19058 Fri, 07/09/2010 - 6:08am
By Andrea Lillo
While the recovery is slow from the economic downturn, the rug category is experiencing signs of improvement. Consumers are more open to higher-priced goods, manufacturers headed to the Atlanta International Area Rug Market this month said, and when retailers want product, they want it immediately.
Business is better than last year, but there is still a way to go, companies added. A month of “incredibly strong” sales may be followed by a not-so-good one, said Joe Barkley, executive vice president, Kaleen, which he believed was the result of consumers reacting to bad news. “Whatever recovery we have, the momentum is then taken away,” he said. A run of positive news such as interest rates remaining low and people heading back to work will help aid the bounce back, he said. “We need less bad news.”
Not surprisingly, consumers continue to respond to lower-priced goods at retail. But some manufacturers note that the higher end is gaining ground, which they believe signals a rebound.
This is the case at Safavieh, where higher-end special orders and custom designs have gotten stronger. “People who have money, they don’t want to buy the same old thing,” said Arash Yaraghi, principal. “They want something fresh and new.”

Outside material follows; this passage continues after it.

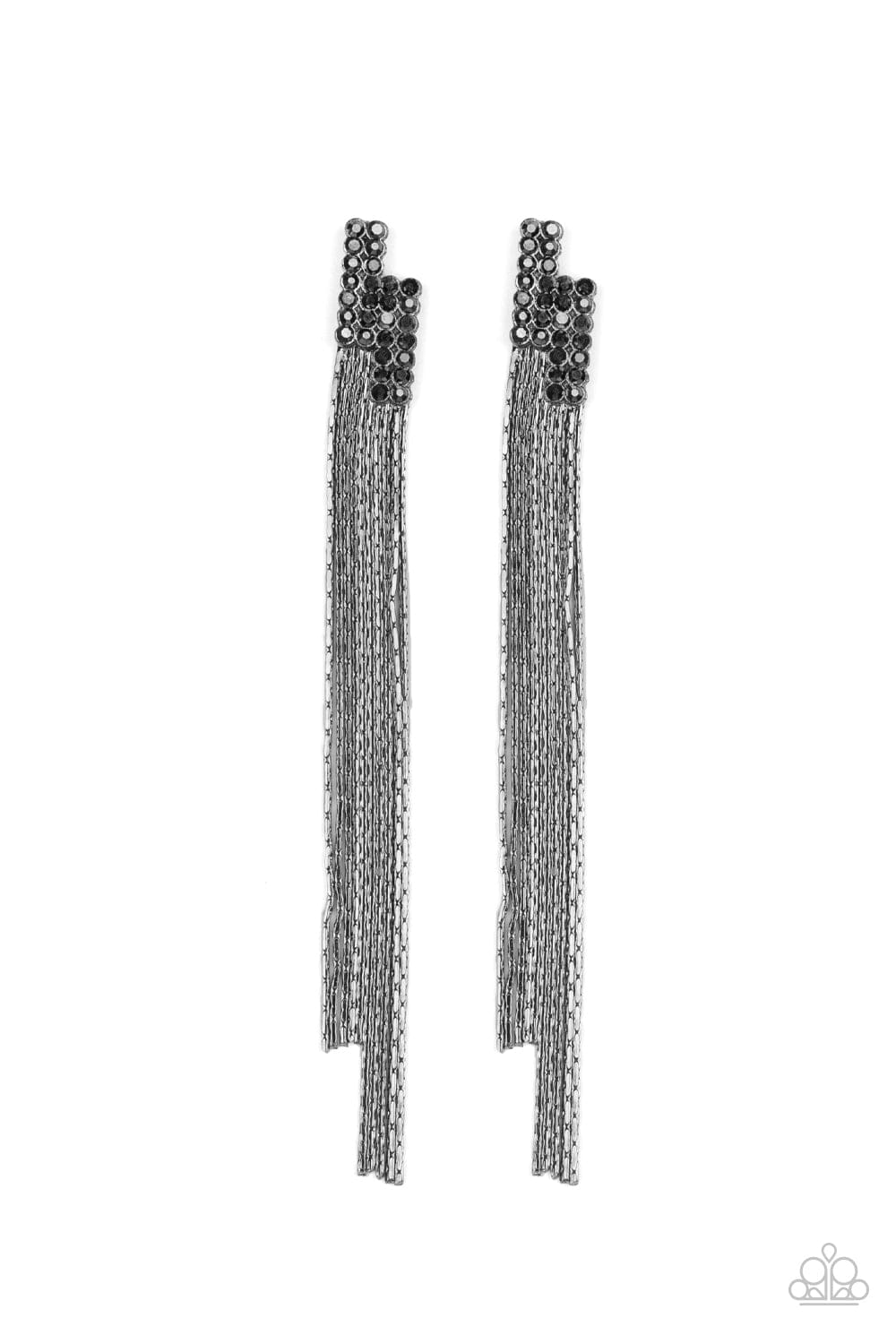 Paparazzi Accessories Earrings Radio Waves - Black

Wendy Reiss, key account manager of sales and marketing, Kas Rugs, agreed. “There has been some interest again in higher price points or better-quality goods,” she said.
But the lower price points still dominate. “That’s where the volume is at,” said Steve Mazarakis, vice president, rug division, Linon Home Decor Products. In Atlanta, the company will show its expanded Westervelt polypropylene line, at $199 for a 5-by-8, a price point he is trying to hit in wool as well. And the lower price points work for furniture stores — “thirsty for product” — as a $600 rug wouldn’t work with a $399 sofa, he added.

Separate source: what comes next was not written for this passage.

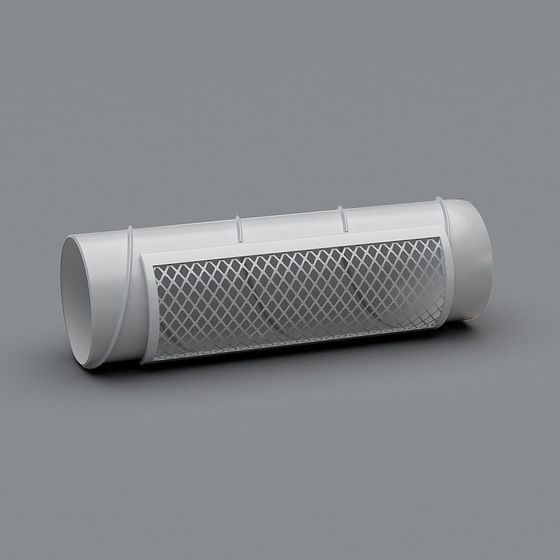 Stylish Industrial Ventilation Duct 3D model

Safavieh has also gotten a positive reaction to the lower price points it introduced at the last Atlanta market, Yaraghi said.
While retailers have been very cautious, and still are so, they have become more open to changing assortments quickly to find what works.
“Retailers are diversifying their style, price points, and product mix,” said Seth King, vice president, sales and marketing, Surya. “We used to get a lot of ‘Well, we don’t do that ...’ and now retailers are aggressively changing their assortment to accommodate the challenging environment.”
The $199 to $599 price point range is where Surya is seeing growth, King added. “This is where we see our customers investing in their inventory.”
And retailers also don’t want to wait for product anymore. “When customers order, they want product right away and don’t want back orders,” King said.
Safavieh has speeded special orders up by adding new weaving facilities in Tibet and Nepal, Yaraghi said, resulting in halving the production time. A 10-by-14 that used to take six to seven months to produce is now at about three months, for example.
Reiss added, “It is still very important to pay attention to the operations and customer service piece.” She also saw some retailers raise their average ticket prices to see how consumers react. “It is nice to see.”